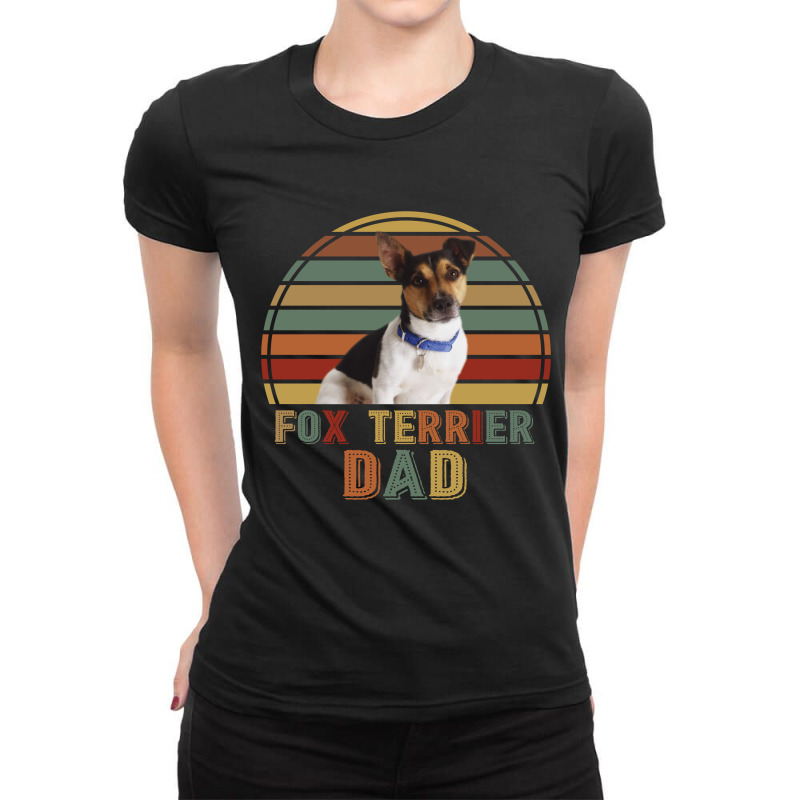 Fox Terrier Dad Retro Vintage Father's Day Gift Ladies Fitted T-Shirt by vip.pro123 | Artistshot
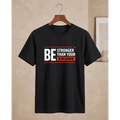 Men's Oversized Be Stronger Graphic T-Shirt - Black Drop Shoulder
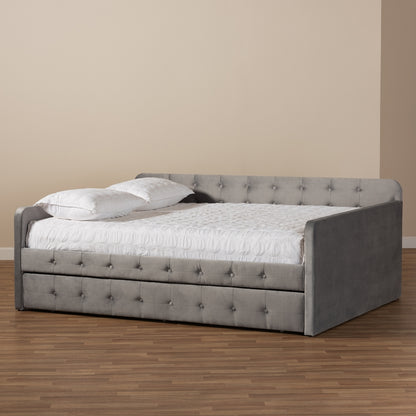 Baxton Studio - Jona Queen Size Daybed with Trundle in Grey - CF9183-Grey-Daybed-Q/T view 7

YOUR INSTRUCTIONS:
Your copy should match the data exactly, apart from the images, which are dropped.

ANSWER SECTION:
 Fox Terrier Dad Retro Vintage Father's Day Gift Ladies Fitted T-Shirt by vip.pro123 | Artistshot
 Men's Oversized Be Stronger Graphic T-Shirt - Black Drop Shoulder
 Baxton Studio - Jona Queen Size Daybed with Trundle in Grey - CF9183-Grey-Daybed-Q/T view 7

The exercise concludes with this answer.